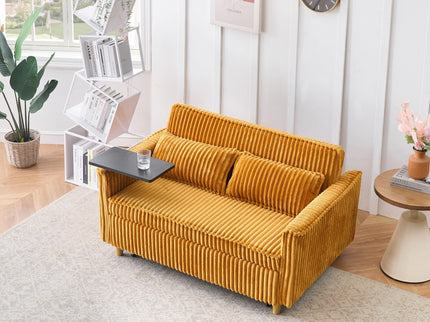 Pull Out Sofa With Movable Tabletop And USB Ports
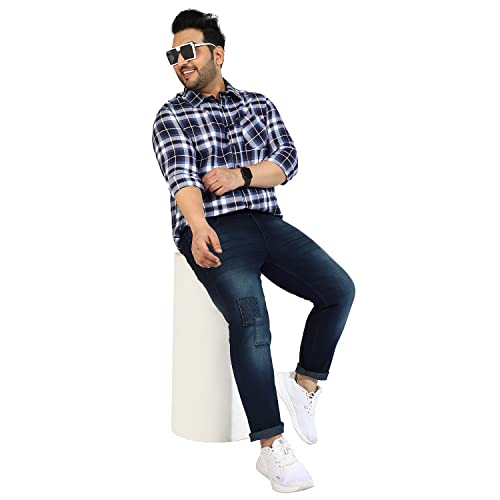 Image of CAHOOT Instafab Plus Men's Button Up Regular Fit Shirt for Casual Wear | Modern Clothing Shirt Crafted with Regular Sleeve, Comfort Fit & High-Performance for Everyday Wear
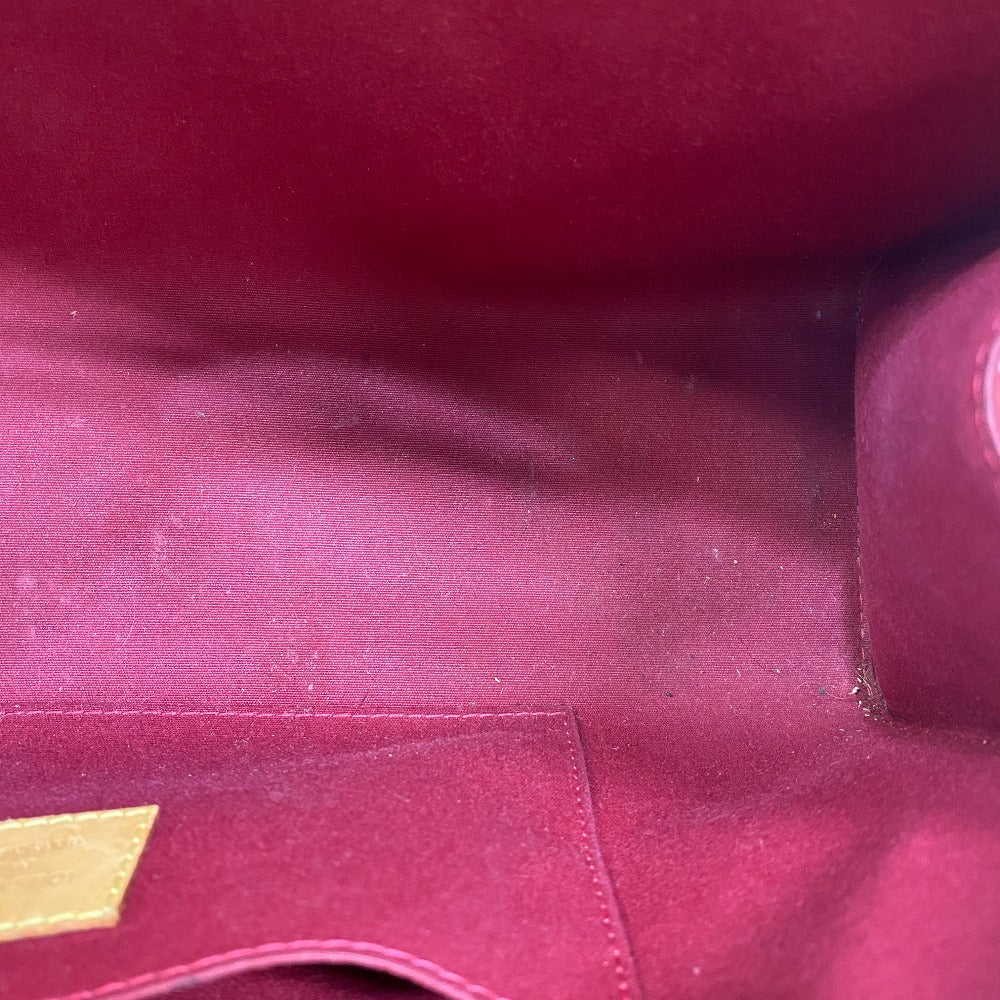 LOUIS VUITTON Handbag M91987 enamel Red Vernis Roxbury Drive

===============

▸ **Action item**: In the reply, each line of the data must appear exactly as written, and no picture may appear.

▸ **Exercise answer**:
 Pull Out Sofa With Movable Tabletop And USB Ports
 Image of CAHOOT Instafab Plus Men's Button Up Regular Fit Shirt for Casual Wear | Modern Clothing Shirt Crafted with Regular Sleeve, Comfort Fit & High-Performance for Everyday Wear
 LOUIS VUITTON Handbag M91987 enamel Red Vernis Roxbury Drive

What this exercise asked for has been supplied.